悩める即応予備自衛官…訓練日数は年間30日、仕事との折り合いをどうつける?

平藤 清刀 平藤 清刀
スケジュール調整には毎回苦心している
スケジュール調整には毎回苦心している

「即応予備自衛官はボランティアですか?」とよく訊かれ、そして「年に30日も? よくやりますね」と呆れられる。

「ボランティアといえなくはないけど……」

返答に困る。なぜなら、「ボランティアですか?」と訊いてくる人は、たぶん無償で汗水流して働く人をイメージしているはずだ。だが、英語の「Volunteer」はもともと「志願兵」とか「義勇兵」という意味で、いわゆる無償労働とは異なるからだ。

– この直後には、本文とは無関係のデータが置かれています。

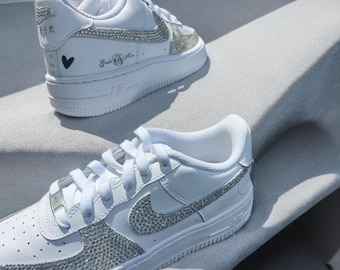 Sapatos de casamento personalizados | Air Force 1 com cristais Swarovski | Tênis com brilho para noivas | Tênis personalizados para noivas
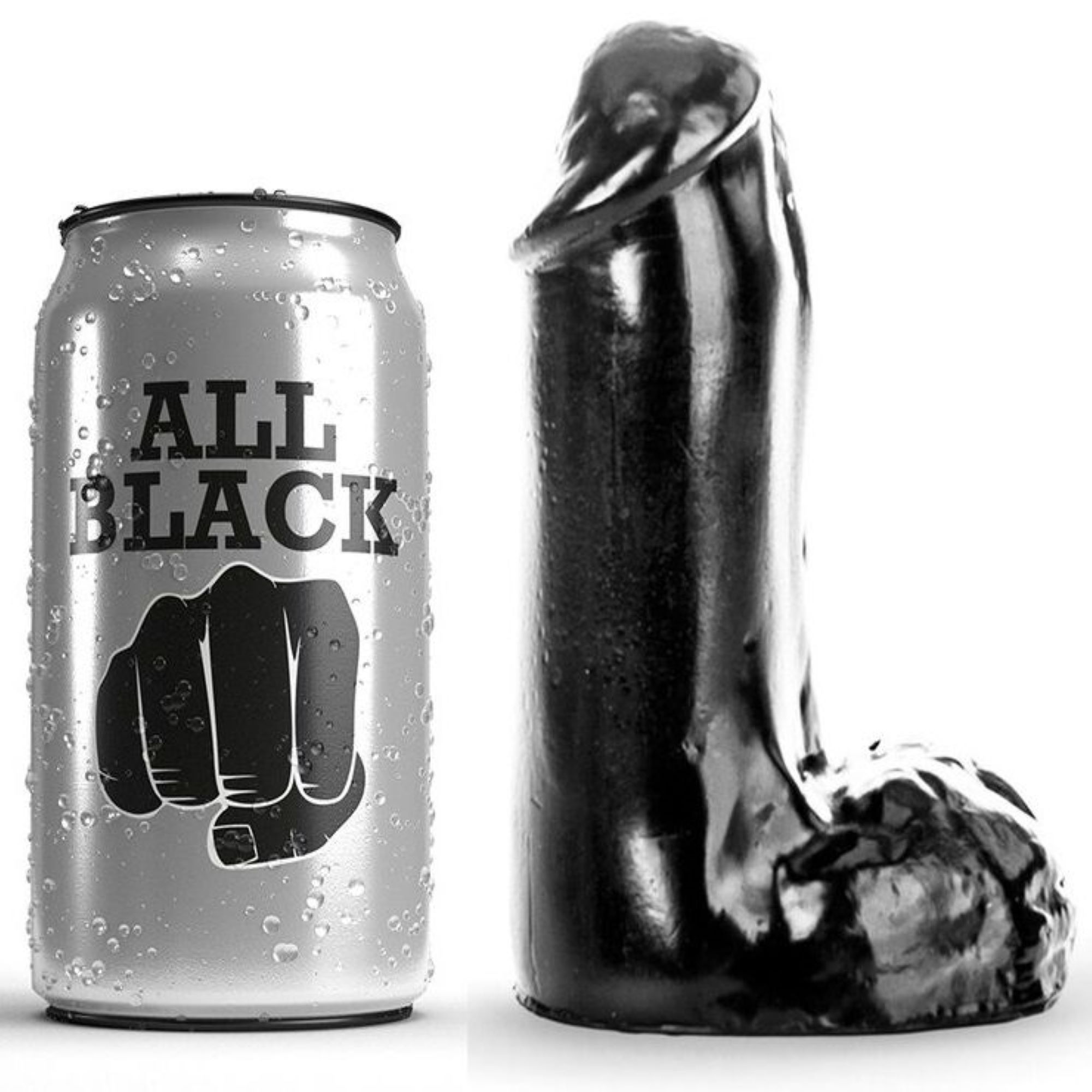 Ρεαλιστικό Πρωκτικό Dildo με Όρχεις Μαύρο 13cm - All Black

即応予備自衛官はたしかに「志願」だが、一般的にイメージされるボランティアではない。毎月16,000円の手当と、訓練に出頭したら階級に応じて10,400~14,200円の訓練手当が支給される。強いていうならば「有償ボランティア」だろうか。そこまで“こじつけて”、「ボランティアですよ」と答えることにしている。言葉の意味は、間違っていないと思う。

月ごとの手当と訓練手当を年間でトータルすると、60万円弱になる。これが多いか少ないかの判断はお任せするけれども、1年=12か月のうち1カ月分に相当する日数を、志願とはいえ自分の時間を削って訓練に出頭している者たちの志を、どうか真っ当に評価してほしい。

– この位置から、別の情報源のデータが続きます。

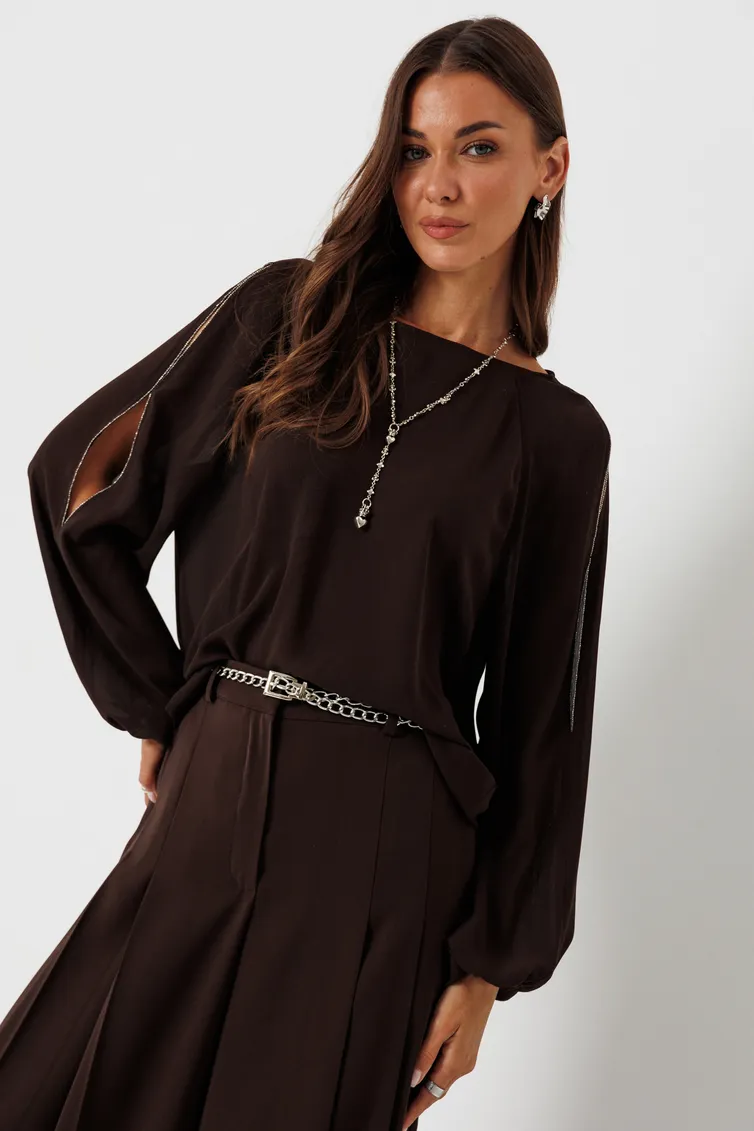 Blouse Lyushe #4451 shokolad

さて、即応予備自衛官や予備自衛官が、訓練のために部隊へ赴くことを「訓練出頭」という。出頭日の約2週間前になると、「訓練招集命令書」が簡易書留で郵送されてくる。この訓練招集命令書は防衛大臣名で発行されるから、訓練とはいえ、いや訓練だからこそ重みがある命令ということだ。

即応予備自衛官には年間30日の訓練出頭が義務付けられていても、それぞれ“娑婆”(自衛官が使う俗語で、駐屯地や基地の外の世界を指す)で仕事をもっているから、30日を一度に消化することはとうてい無理である。通常は8~12回に分けて出頭して、合計30日になるようにスケジュールが組まれている。だから防衛大臣直々の命令書は、その都度送られてくるのだ。

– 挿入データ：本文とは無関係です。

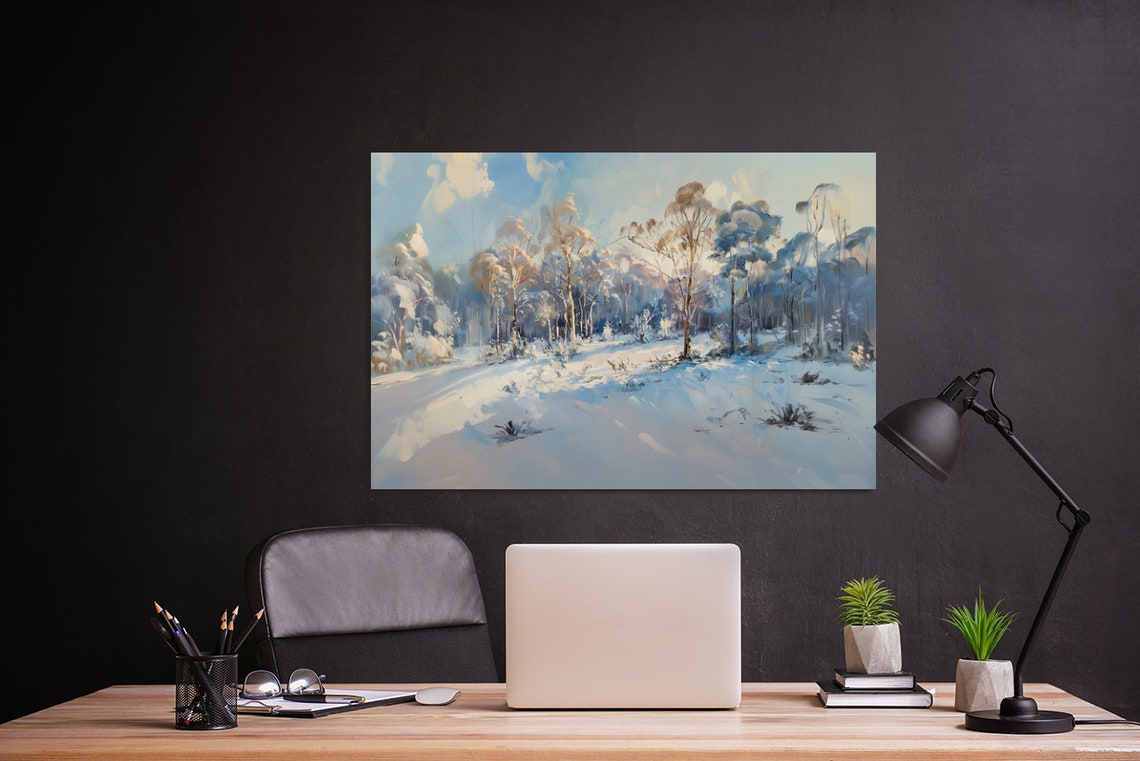 Sunny Winter Forest Snowy Landscape Frosted Trees Cold Art Poster - Image 4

実際に年間30日も訓練に出頭しようと思ったら、職場にも家庭にも少なからず負担をかける。とりわけ職場との折り合いをつけることに苦心するようだ。雇用主が「行ってこい」と理解を示してくれても、訓練に行っている間は出勤しないから、同僚たちに仕事のシワ寄せがいく。そうなると有給休暇を取りづらい空気になってしまい、肩身の狭い思いをするという。逆に同僚が理解を示してくれるのに、雇い主が理解してくれないこともある。「国の制度だから邪魔はしないけどね、協力もしないよ。仕事に穴を開けないようにして、勝手に行ってくれ」という態度を取られることもあるという。

また訓練日が子供の学校の参観日や運動会と重なっても、他に日程がなかったら、後ろ髪を引かれる想いで訓練に出頭せざるを得ない。子をもつお父さんたちは辛いのだ。そんなこともあって、せめてもの罪滅ぼしの気持ちなのか、奥さんと交渉して「給料は家に全額入れる」という条件で、その代わり手当を小遣いに充てている者もいる。月で割れば5万円弱だから、お小遣いとしては妥当な金額か。